JOHN MUELLER: Can you post your URL in the chat?

AUDIENCE: Yes, it's in the chat. It's the first question. If you just go straight to the topics there.



JOHN MUELLER: I don't know if I can pull up something real quick. We're still seeing some issues there. So I'd have to take a look at exactly what's happening there, but I think that's something where I wouldn't kind of count like the web spam issues, maybe the links that you found as being completely fixed. And maybe dig for some more to see if there's some more things that you can clean up there.

AUDIENCE: Always digging. Always digging. If you ever do get a chance to have a look, if you could put me a sample or two link, and give me another pointer or maybe I'm missing something totally obvious and I'm obviously not sure. But I was making a great recovery so I've obviously done something right.

JOHN MUELLER: Maybe disavow.

AUDIENCE: Maybe it's a problem with disavow, I'm not quite sure.

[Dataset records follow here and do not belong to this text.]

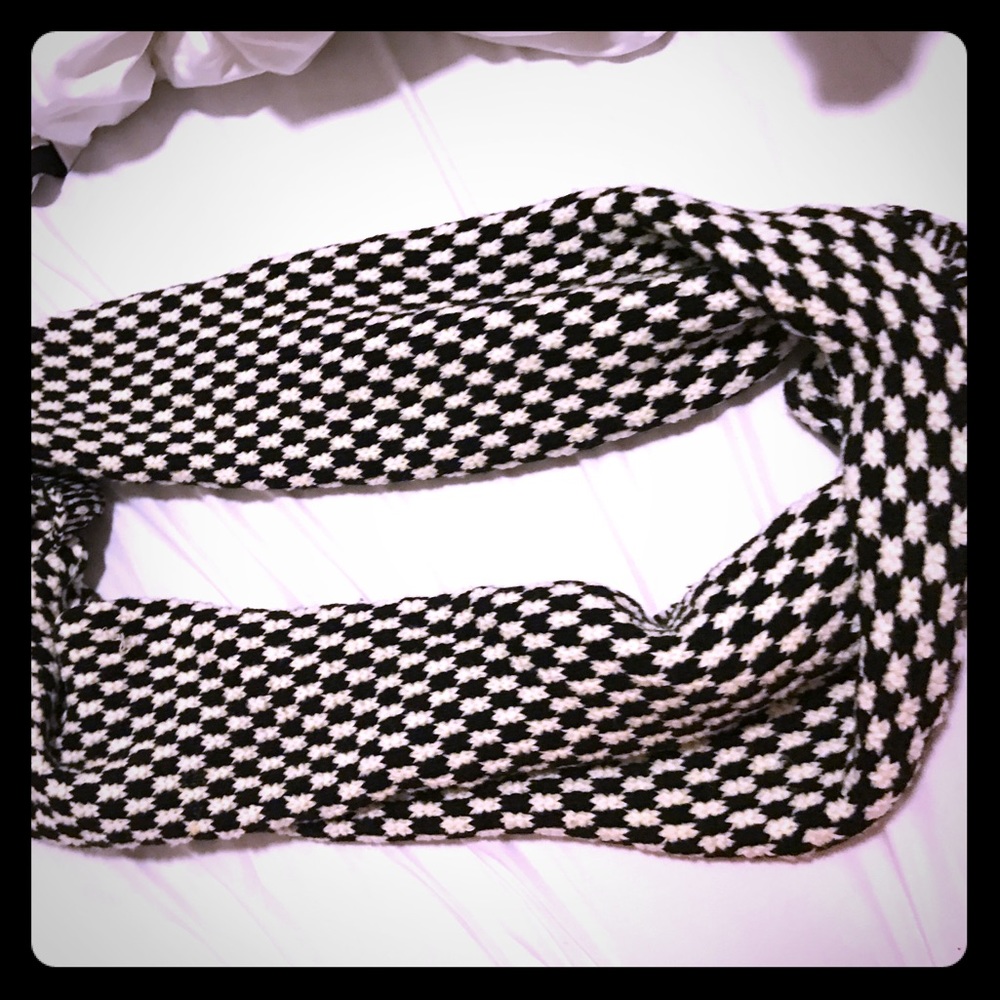 Minkpink OS black and white chevron loop scarf $10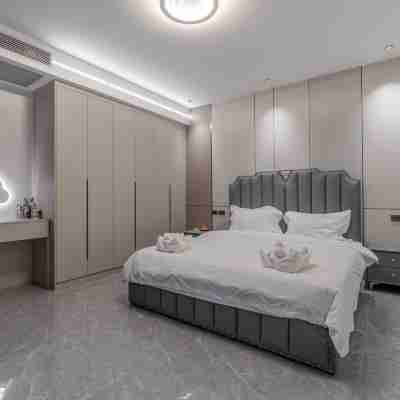 6 bedroom-independent swimming pool and powerful KTV Rooms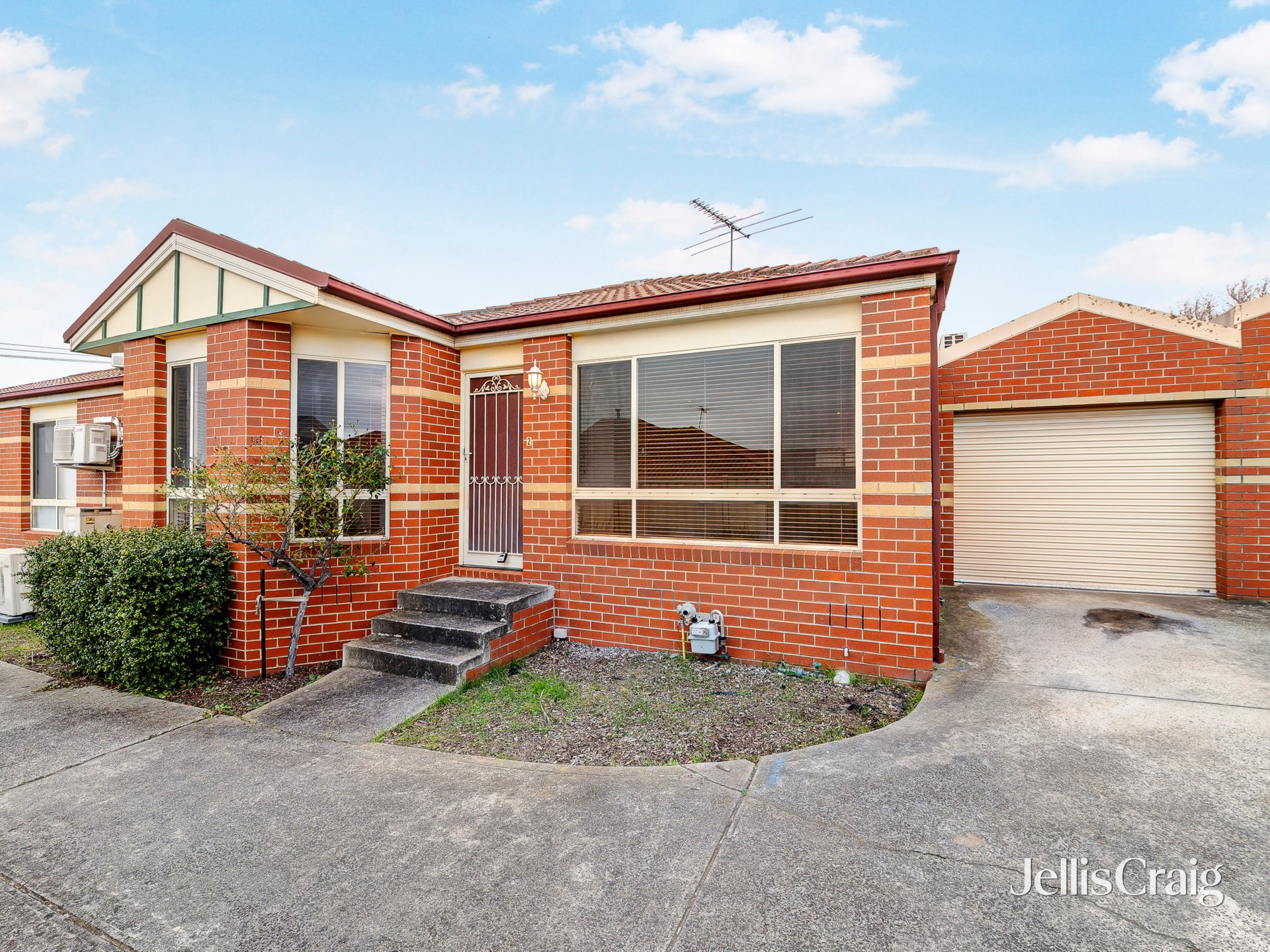 2/10 Furzer Street, Preston image 1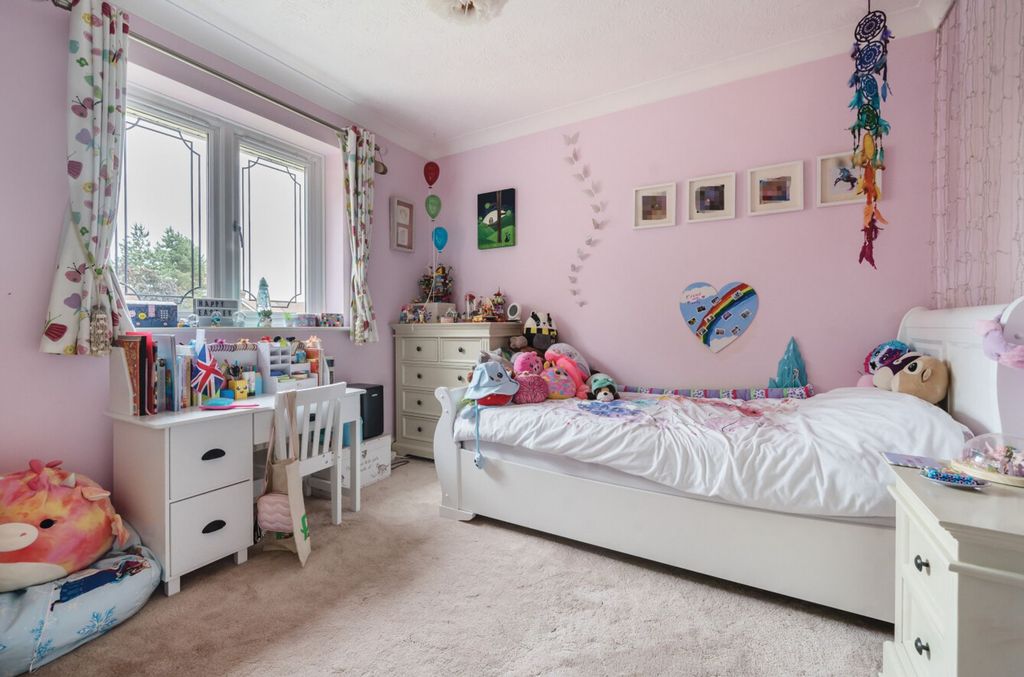Additional image 17 of 5 bed detached house for saleHoggarth Close, Petersfield GU31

JOHN MUELLER: Sounds like you're on the right track then, but we're still seeing significant things there that you could probably be doing better. But it's hard to say without looking at the exact situation.

AUDIENCE: I appreciate you taking a look. Thank you.


AUDIENCE: John, I think a mirror would make a really good background for you there.


JOHN MUELLER: Like you get those tools.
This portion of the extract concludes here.